= Data shown =
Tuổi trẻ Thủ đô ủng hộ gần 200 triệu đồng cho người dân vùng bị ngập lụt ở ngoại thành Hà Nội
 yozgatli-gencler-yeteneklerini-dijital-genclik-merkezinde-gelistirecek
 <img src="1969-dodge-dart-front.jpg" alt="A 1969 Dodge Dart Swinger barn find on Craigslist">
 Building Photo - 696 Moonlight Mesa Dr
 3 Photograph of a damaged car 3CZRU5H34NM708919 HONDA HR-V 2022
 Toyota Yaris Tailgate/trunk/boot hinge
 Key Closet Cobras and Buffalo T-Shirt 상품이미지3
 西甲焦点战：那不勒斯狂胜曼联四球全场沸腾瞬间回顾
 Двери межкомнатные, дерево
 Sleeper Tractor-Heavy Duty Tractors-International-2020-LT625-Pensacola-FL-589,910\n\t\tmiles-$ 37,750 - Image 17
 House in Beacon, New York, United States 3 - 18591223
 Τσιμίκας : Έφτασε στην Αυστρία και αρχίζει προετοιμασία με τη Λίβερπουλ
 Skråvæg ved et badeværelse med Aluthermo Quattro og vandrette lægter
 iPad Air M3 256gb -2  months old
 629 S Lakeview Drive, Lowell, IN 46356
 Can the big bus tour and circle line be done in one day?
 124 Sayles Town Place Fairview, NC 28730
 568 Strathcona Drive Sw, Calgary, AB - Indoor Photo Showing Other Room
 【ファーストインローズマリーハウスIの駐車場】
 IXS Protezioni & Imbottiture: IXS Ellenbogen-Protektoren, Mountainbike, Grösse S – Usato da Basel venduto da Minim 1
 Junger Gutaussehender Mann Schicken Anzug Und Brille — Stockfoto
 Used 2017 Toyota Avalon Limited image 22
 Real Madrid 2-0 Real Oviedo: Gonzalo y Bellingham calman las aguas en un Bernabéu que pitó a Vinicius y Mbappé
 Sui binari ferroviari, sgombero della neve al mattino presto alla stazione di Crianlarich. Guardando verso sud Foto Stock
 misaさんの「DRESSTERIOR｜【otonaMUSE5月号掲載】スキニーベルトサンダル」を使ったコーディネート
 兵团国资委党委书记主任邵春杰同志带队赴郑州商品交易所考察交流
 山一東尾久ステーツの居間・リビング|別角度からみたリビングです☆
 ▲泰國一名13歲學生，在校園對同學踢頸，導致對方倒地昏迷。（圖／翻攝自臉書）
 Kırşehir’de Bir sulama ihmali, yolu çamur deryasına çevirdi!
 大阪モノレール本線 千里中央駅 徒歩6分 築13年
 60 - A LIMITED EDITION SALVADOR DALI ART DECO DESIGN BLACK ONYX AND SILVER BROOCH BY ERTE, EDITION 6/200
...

= Aim of the task =
With the line containing "Kırşehir’de Bir sulama" as the start and the last line of the entries as the end, print that whole span exactly.

= Answer space =
 Kırşehir’de Bir sulama ihmali, yolu çamur deryasına çevirdi!
 大阪モノレール本線 千里中央駅 徒歩6分 築13年
 60 - A LIMITED EDITION SALVADOR DALI ART DECO DESIGN BLACK ONYX AND SILVER BROOCH BY ERTE, EDITION 6/200
...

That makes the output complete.